Skip any pictures. Repeat the data exactly, from its first line through the line that holds "Exacto de 185", both included.

(Beginning of Supplied data)

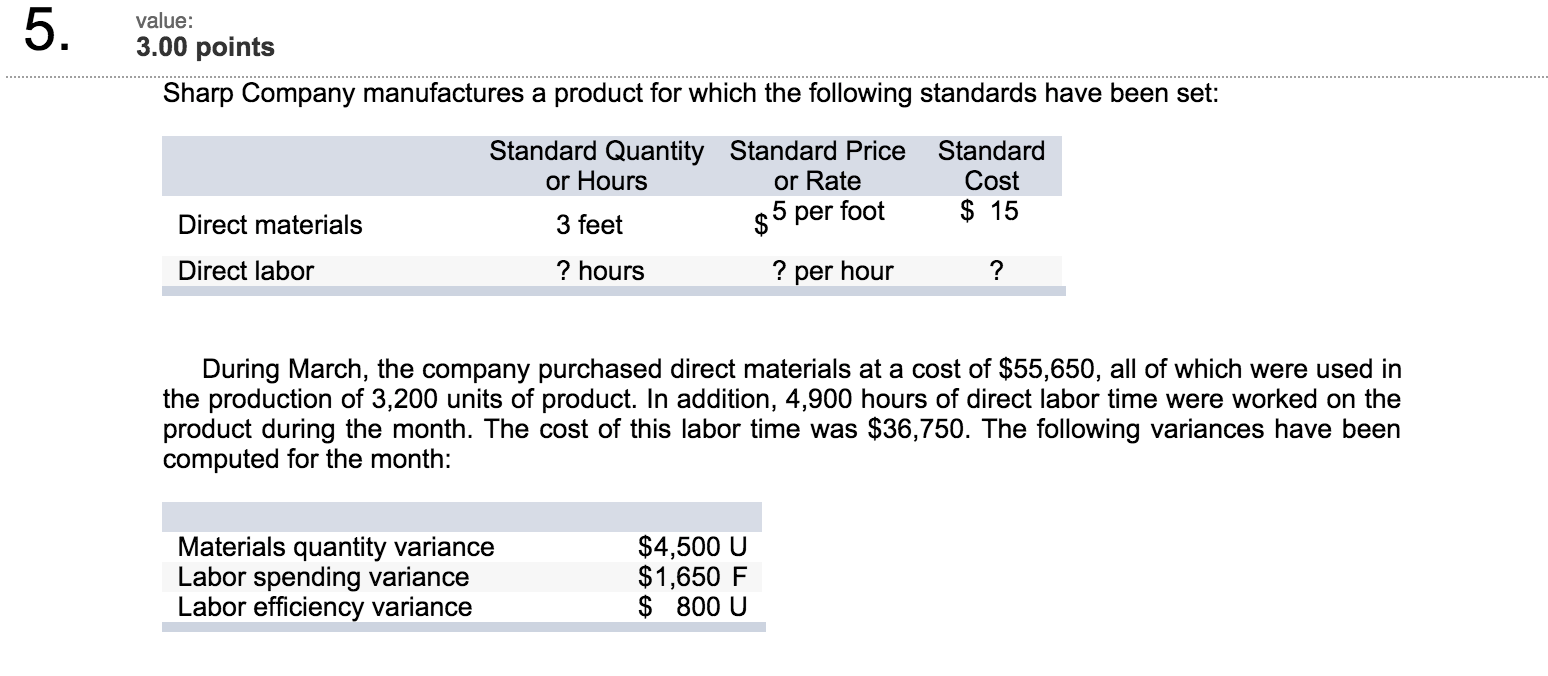 Solved 2 For Direct Labor A Compute The Standard Direct 6072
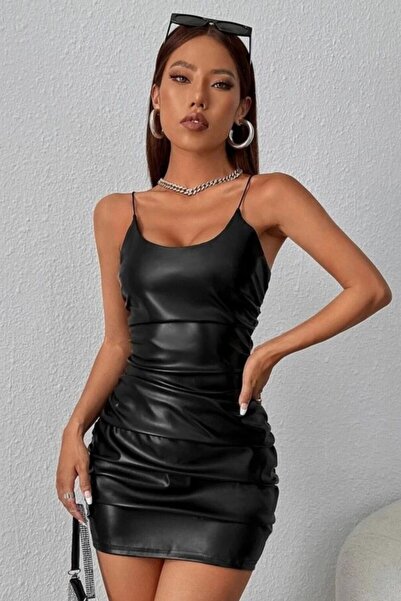 Qvien Secret Γυναικείο Φόρεμα Κομψό Μίνι Φόρεμα Νυχτικό από Δερμάτινο Λαμέ με...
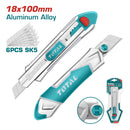 Exacto de 185 mm. Con cuchillas de 18 mm x 100 mm. SK5. Con 6 cuchillas de repuesto SK5.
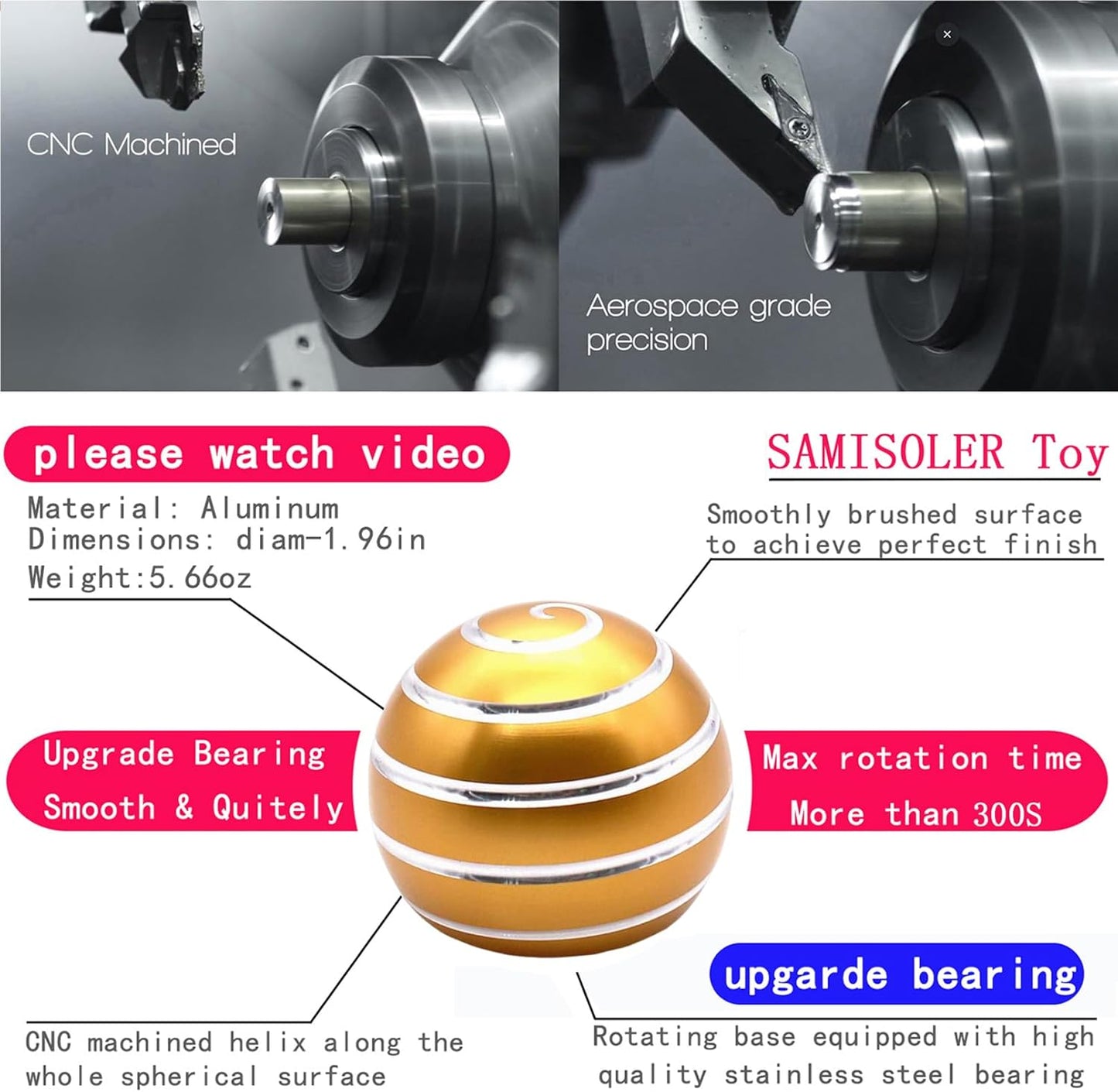 Desk-Fidget-Kinetic-Toys Cool-Gadgets: Cool-Stuff Thing Game Toy for Adult Teen Children Kid, Optical-Illusion Stress Relief Gifts for Man Women Home Office School Christmas Spinning Up 300 Seconds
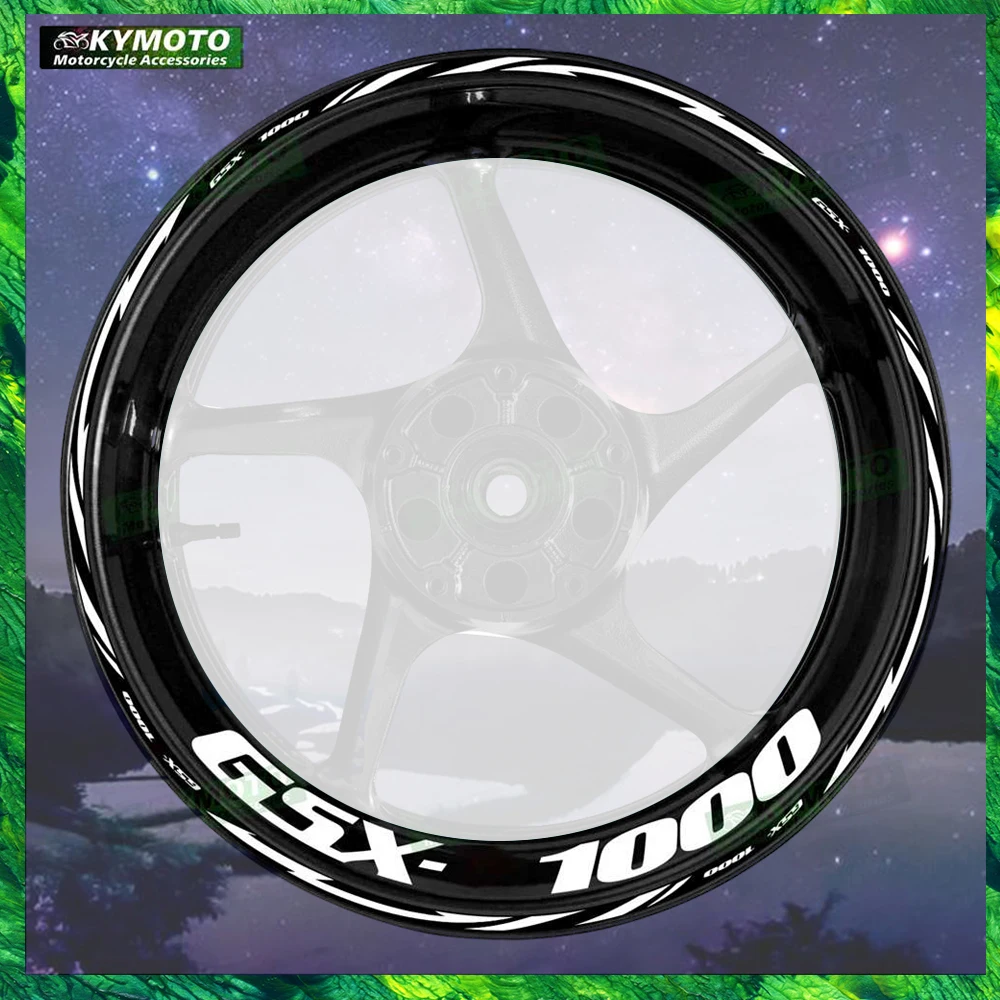 

Для GSX-1000 R GSX1000R светоотражающие аксессуары для мотоциклов 17-дюймовые наклейки на передние и задние диски, обтекатель, полоса, наклейка, украшение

(End of Supplied data)

*Your response*.
 Solved 2 For Direct Labor A Compute The Standard Direct 6072
 Qvien Secret Γυναικείο Φόρεμα Κομψό Μίνι Φόρεμα Νυχτικό από Δερμάτινο Λαμέ με...
 Exacto de 185 mm. Con cuchillas de 18 mm x 100 mm. SK5. Con 6 cuchillas de repuesto SK5.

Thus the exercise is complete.